Lake Norman & Mooresville

This art professor is a mint master

Jamie Franki, a UNCC professor in the Department of Art and Art History, designed a commemorative medal in honor of the William States Lee College of Engineering’s 50th anniversary.
Jamie Franki, a UNCC professor in the Department of Art and Art History, designed a commemorative medal in honor of the William States Lee College of Engineering’s 50th anniversary. UNC Charlotte

When UNC Charlotte’s William State Lee College of Engineering wanted to honor its 50th anniversary with a commemorative medal, college leaders went straight to one of the country’s leading authorities on coin and medal design.

All it required was writing a cross-campus email.
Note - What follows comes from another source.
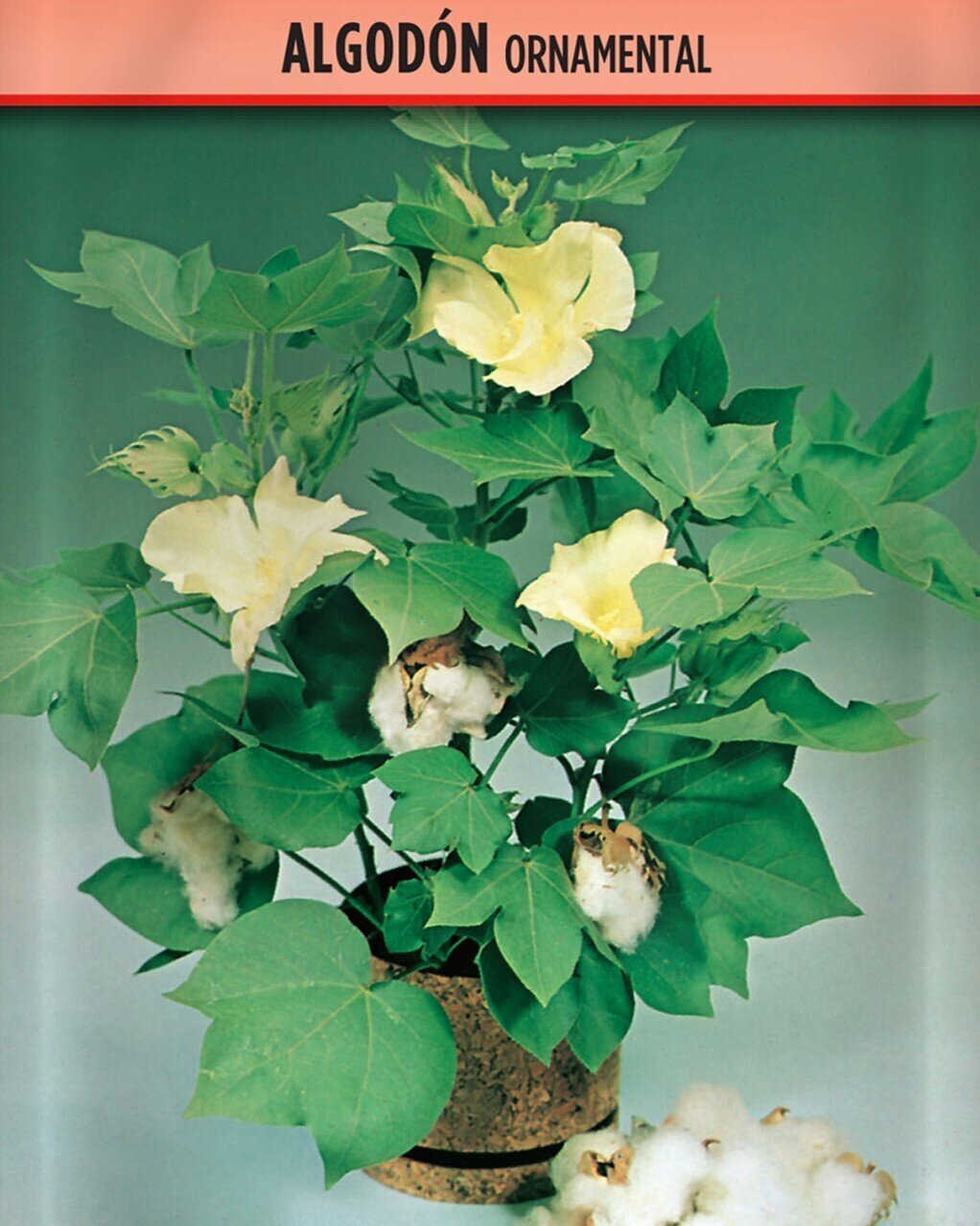 Gossypium herbaceum (algodoeiro ornamental) - Sementes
UNCC professor Jamie Franki, whose artwork likely has reached your pocket in the last 10 years in the form of a U.S. nickel, was commissioned to design the College of Engineering’s medal.

The college has held several events to recognize this milestone, but the medal represents something tangible that could last a lifetime. The medals are on sale to the public; proceeds will be used to provide scholarships to UNCC engineering students.
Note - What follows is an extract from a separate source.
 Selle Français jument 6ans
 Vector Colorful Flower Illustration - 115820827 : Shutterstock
“As we looked around and thought about it, we thought we have a talented artist who does commemorative medals and coins,” said Ronald Smelser, College of Engineering professor and associate dean. “Why don’t we see if we can get Jamie to do a medal for us so we can offer it to our alumni and do something that will have lasting value.”

Franki, 54, has taught at UNCC for 20 years and has been a college/university professor for 30 years. A trained sculptor and magazine illustrator and publication designer, Franki has been creating designs for coins and medals since 2004.

This is the first time Franki, a tenured professor in the Department of Art and Art History, has produced anything for his home university. There aren’t many people like him in the country, he says.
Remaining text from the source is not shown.